First, I want to follow Jody in congratulating Tony Blair, who has been a good friend to this nation, on his conversion to Catholicism.

I am also happy to congratulate Mr. Blair’s country, the United Kingdom, on its conversion to Catholicism. Yes, you read that correctly. What I mean is that, according to this story in the Telegraph , “Britain has become a ‘Catholic Country’” because “Roman Catholics have overtaken Anglicans as the country’s dominant religious group. More people attend Mass every Sunday than worship with the Church of England.” Hence, “the established Church has lost its place as the nation’s most popular Christian denomination after four centuries of unrivaled influence following the Reformation.”

When you read more carefully, however, it turns out the picture is not quite so rosy, even for the Catholics. It turns out that 861,000 persons in Britain attend mass every Sunday while only 852,000 turn up for Anglican services. The population of Britain is about 60.7 million souls, so even the combined weekly attendance of the Catholic Church and the Anglican Church aggregates only 2.8 percent of the population.
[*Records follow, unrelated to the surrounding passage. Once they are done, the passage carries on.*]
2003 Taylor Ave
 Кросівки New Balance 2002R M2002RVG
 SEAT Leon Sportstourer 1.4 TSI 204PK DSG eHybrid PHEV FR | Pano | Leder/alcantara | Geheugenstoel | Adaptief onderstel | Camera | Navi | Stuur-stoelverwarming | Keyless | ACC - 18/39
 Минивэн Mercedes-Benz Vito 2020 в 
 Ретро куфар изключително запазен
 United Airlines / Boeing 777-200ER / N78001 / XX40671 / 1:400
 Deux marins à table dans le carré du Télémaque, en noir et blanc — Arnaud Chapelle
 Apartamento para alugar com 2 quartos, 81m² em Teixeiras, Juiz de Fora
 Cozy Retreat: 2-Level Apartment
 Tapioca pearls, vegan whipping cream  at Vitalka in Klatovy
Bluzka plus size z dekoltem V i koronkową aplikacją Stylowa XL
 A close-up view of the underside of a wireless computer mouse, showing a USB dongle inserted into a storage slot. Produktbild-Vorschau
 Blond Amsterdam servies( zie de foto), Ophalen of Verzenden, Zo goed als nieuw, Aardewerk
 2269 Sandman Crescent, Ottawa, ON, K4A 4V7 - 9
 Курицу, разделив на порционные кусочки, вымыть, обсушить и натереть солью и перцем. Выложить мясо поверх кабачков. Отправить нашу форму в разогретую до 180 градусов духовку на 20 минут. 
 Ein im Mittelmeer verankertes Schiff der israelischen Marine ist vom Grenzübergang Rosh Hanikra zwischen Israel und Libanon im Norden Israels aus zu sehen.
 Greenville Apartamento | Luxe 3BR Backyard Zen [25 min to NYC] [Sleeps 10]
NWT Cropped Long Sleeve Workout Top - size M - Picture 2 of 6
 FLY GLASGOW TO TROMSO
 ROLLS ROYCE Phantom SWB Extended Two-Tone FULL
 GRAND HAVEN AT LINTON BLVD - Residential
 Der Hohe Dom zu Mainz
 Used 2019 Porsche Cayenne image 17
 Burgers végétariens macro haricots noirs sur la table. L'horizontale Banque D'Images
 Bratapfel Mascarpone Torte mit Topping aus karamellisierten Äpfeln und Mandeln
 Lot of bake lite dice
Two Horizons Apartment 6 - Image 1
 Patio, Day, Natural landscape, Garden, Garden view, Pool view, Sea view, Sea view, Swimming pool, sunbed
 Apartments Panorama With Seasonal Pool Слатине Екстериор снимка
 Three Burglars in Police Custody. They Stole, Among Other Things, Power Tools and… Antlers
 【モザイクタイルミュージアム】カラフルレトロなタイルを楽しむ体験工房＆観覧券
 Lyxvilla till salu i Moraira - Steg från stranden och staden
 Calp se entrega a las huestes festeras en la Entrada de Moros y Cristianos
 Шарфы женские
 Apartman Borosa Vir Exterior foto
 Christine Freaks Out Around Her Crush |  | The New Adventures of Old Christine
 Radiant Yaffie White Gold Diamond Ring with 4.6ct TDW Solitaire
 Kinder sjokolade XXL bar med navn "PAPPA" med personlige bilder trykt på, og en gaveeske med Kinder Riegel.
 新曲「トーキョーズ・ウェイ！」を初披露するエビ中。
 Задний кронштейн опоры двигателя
Moreover, the Catholics numbers have surpassed the Anglican ones only because, although attendance at Anglican services has fallen 20 percent since 2000, attendance at mass has fallen only 13 percent. The difference seems to be explained by an influx of Catholic immigrants from Africa and Eastern Europe; this has reduced the rate of decrease in the Catholic numbers. So attendance at both churches is declining rapidly; it’s just that Anglicans are even worse off than the Catholics.

The Rt. Rev. Crispian Hollis, the Catholic Bishop of Portsmouth, has a curious take on this. He says that “these figures are encouraging. It shows that the [Catholic] Church is no longer seen as on the fringes of society, but in fact is now at the heart of British life.” Well, sure, if an organization with committed members totaling 1.4 percent of the population (and many of these recent immigrants who may not remain in the country for long) can be at the heart of a nation’s life.

The Anglican clergy, too, seems to misunderstand the significance of these numbers. Says the Church of England’s Rt. Rev. Graham Cray, “It isn’t a competition. I’m delighted to see all the Christian denominations flourishing.” I appreciate the ecumenical sentiment, but that’s quite a strange definition of flourishing you got there, Rt. Rev.